Blog Review of “Wild About Math”

Sol Lederman, at the blog Wild About Math, had an idea of a blog-review-exchange (he writes reviews of math-related blogs, in return for math blogs reviewing his) [see his post here]. I like this idea, if for no other reason that I get introduced to new math blogs through reading his reviews. So here I go.

Wild About Math has been in existence since October 2007. His first post clearly articulated the goal for starting his blog: “This blog is the expression of a life-long passion that I’ve had for all things mathematical. My sincere desire is to share articles, reviews, and links to products, services, and web-sites that inspire people of all ages to enjoy Math.” Sol is uncharacteristic in that he was able to continually maintain the original intent of his blog for months (to the present!), without giving into laziness or devolving into a forum for personal screeds (although I do have a soft spot in my heart for the blogs with the latter).

My favorite aspect of Sol’s blog is the Monday Math Madness competition, which is alternates between Wild About Math and Blinkdagger. [The current MMM problem is here.] In recent months, besides the mini-blog-reviews, most of the blog posts on Wild About Math are related to Monday Math Madness. The problems are easy to state, range from easy to difficult, but always are engaging. The best part is that one (usually) doesn’t need more than precalculus to solve the problems, and usually less. Some of the best questions take forever to think through, even though they don’t require higher level mathematics. Those are the best kinds! I have even gotten one of my high school students hooked — and he is sending in solutions to the competitions when he has time!

Although the original intent of the blog has been maintained, the nature of the content has shifted. As I noted, in recent months, Sol has focused on nurturing his (wonderful) Monday Math Madness contests. However, before this contest started, Sol had frequently posted about everything and anything math, like neat websites about fractals or speed multiplication. To see the nature of these posts, some of Sol’s favorites in fact,  you can check them out here. And I don’t know if this is still happening, because I am not a subscriber and didn’t know about this until looking through the back-blog-posts, but Sol offers (or used to offer) a supplemental periodic email called “Math Bites”.

Some of my favorite posts:

  1. Experience With Math Camps? (which inspired me to write my own recollections! [1])
  2. Uncountably Many Errors in In Texas Math Books (the type of information that I’d miss if I didn’t read this blog)
  3. Review: Numbers Juggling (a review of a math website which goes in depth – we need more reviews like these)
  4. A Hard But Fascinating Puzzle (a problem which got me thinking deeply!)
  5. TI-Nspire Inspires Math Students (a review of the TI-Nspire)

Overall, this is definitely a blog worth keeping in your reader (or putting into your reader if it’s not there yet) for the Monday Math Madness contests. I do wish, however, that at least once in a while Sol would continue to post same types of posts — the great reviews of books, math resources, and calculators, the “for fun” math puzzles, for the math news — that defined the blog before Monday Math Madness came into the picture.

[1] You can read it here.



  1. Sam – Excellent review. I appreciate your telling it like you see it. I’ll write a review of your site on my blog and I’ll address the points you raise.

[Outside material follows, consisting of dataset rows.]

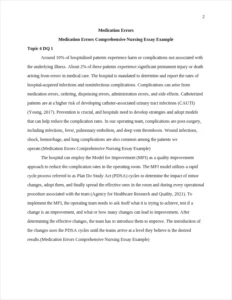 Medication Errors Comprehensive Nursing Essay Example – page 2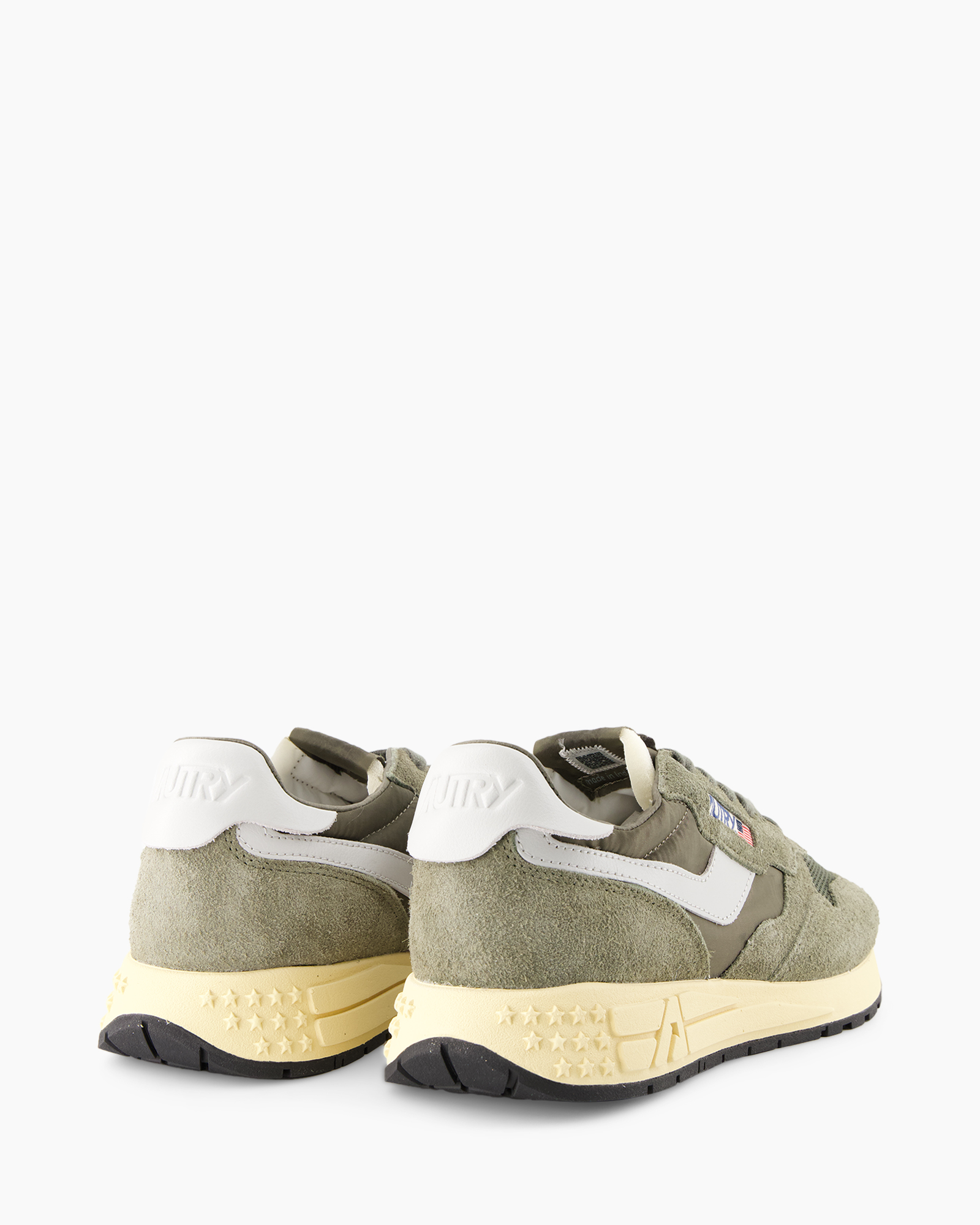 sneakers, olive, suede, midsole, stars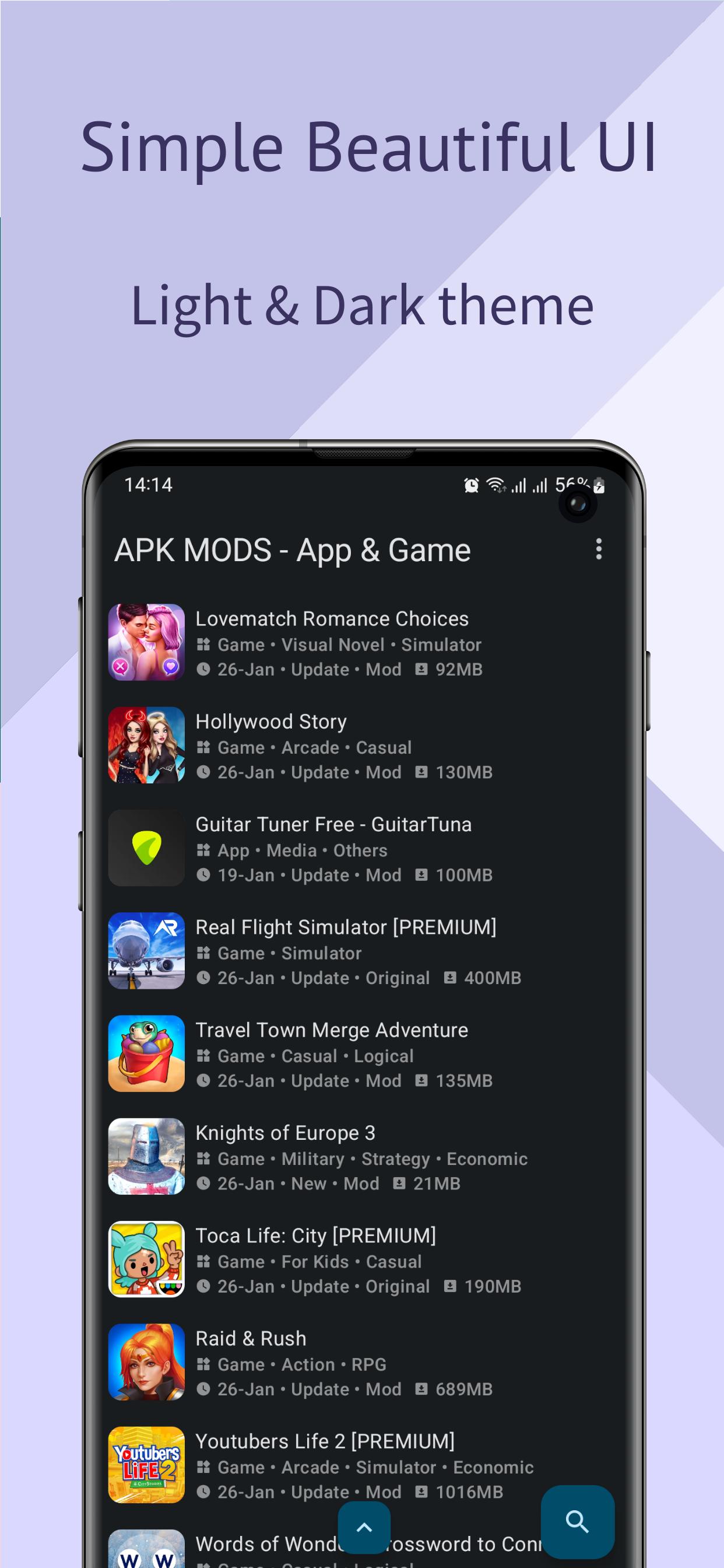 Скачать APK MODS - App & Game на ПК | Официальный представитель GameLoop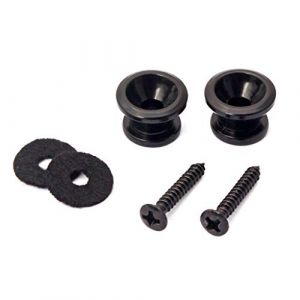Alnicov Boutons de Sangle de Guitare &Eacute;pinglettes Pointe M&eacute;tallique, Verrous de Ceinture pour Guitare Basse, Noir, 15 x 12 x 4 cm (Music Lover EU, neuf)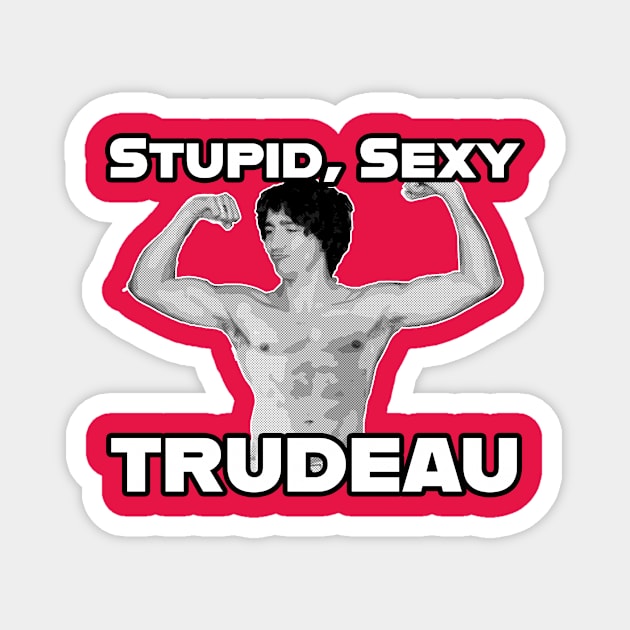 Stupid, Sexy Trudeau Magnet by Canada Is Boring Podcast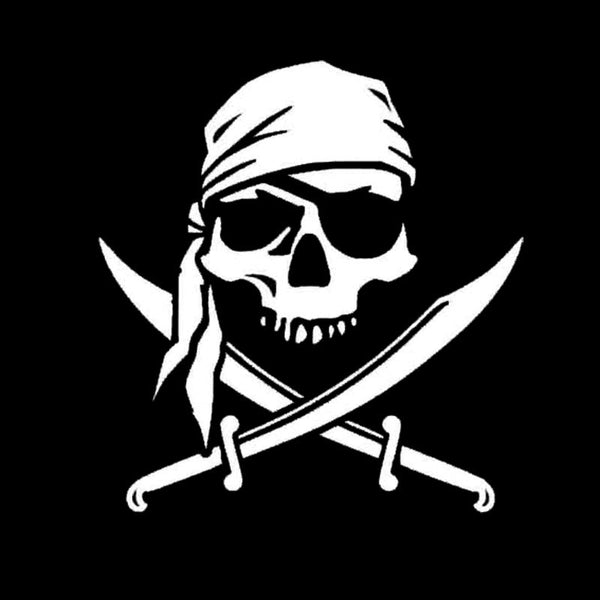 Stylish Pirate Skull Car Stickers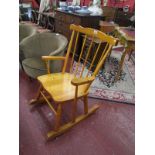 Pine rocker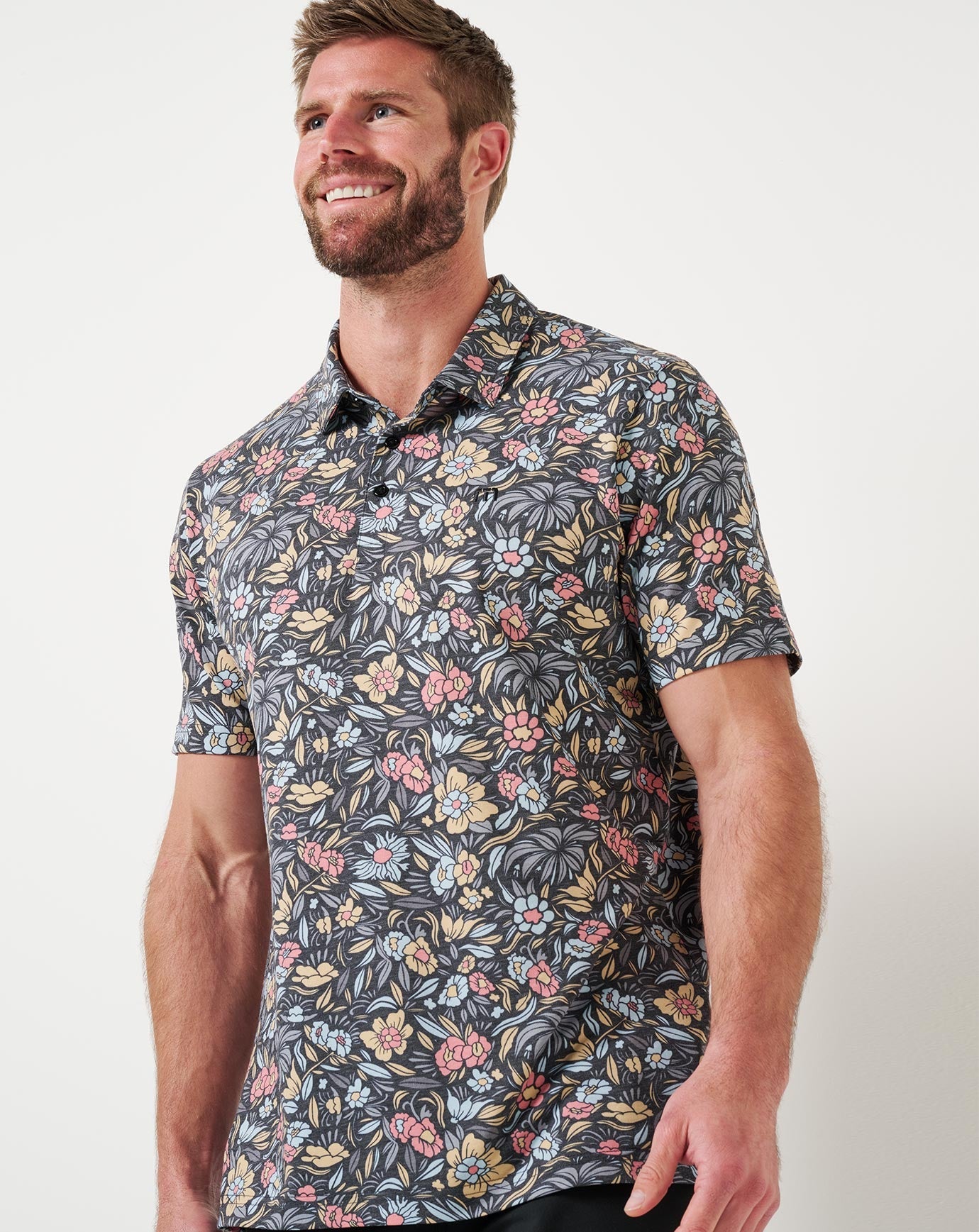 TravisMathew Featherweight Day Cruise Polo - Black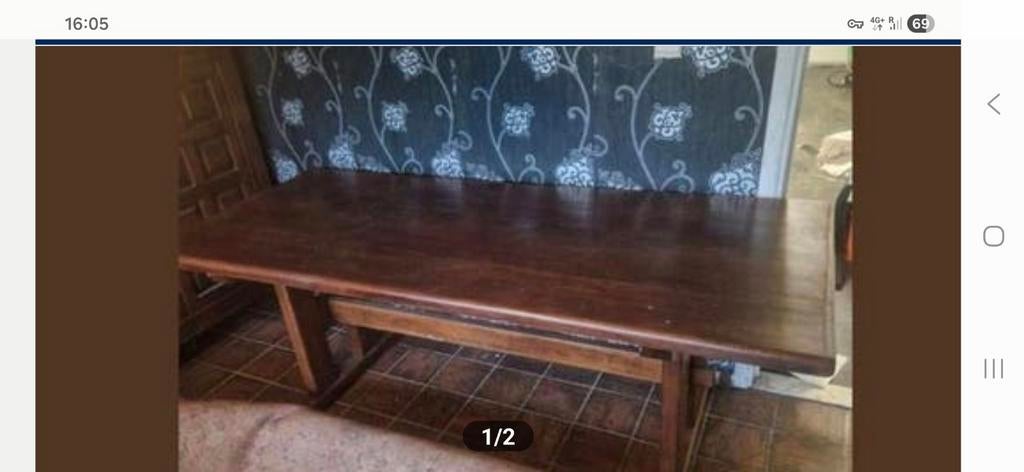 Antieke eiken eettafel, Ophalen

  2. @Sol: Thanks. I figured I’d be at least a little analytic. I realized this sentence could have been misread

    “Sol is uncharacteristic in that he was able to continually maintain the original intent of his blog for months, without giving into laziness or devolving into a forum for personal screeds”

    I didn’t mean your blog was good for a few months and then turned lazy — but realized it could have been read as that! I wanted to get across that you succeeded in keeping up the original intent of your blog since you’ve started (although the content itself shifted more recently). So I modified that to say “for months (to the present!)”

  3. I know this wasn’t the topic of this post, but what are your thoughts about / experiences with the TI-Nspire? I’ve heard raves, but I have some pretty strong Luddite tendencies when it comes to kids using hand-held technology. I’ve seen what the TI-8x’s have wrought on their ability to use their own brains. (I know, it’s not the technology itself, it’s how teachers have been using it, that being ubiquitously.) Were I to start using the Nspire in class, I think I would, for one, prohibit its use on almost all assessments.

    … I really do need my own blog, don’t I. :-)

  4. @Matt: first things first… I’m wearing you down!

    But I have to say that I’m totally ignorant when it comes to the Nspire. I too have heard raves, but when it comes down to it, I’ve never played with it, and I haven’t yet seen what the range of capabilities it has.

    My old department head is at a new school, which all the students have the Nspire, and he seems to LOVE it.

    I’m reserving judgment until I can play around with one for a week. I’d love for TI to send me one to review, like they did with Sol at Wild About Math (hint hint, nudge, nudge, TI!).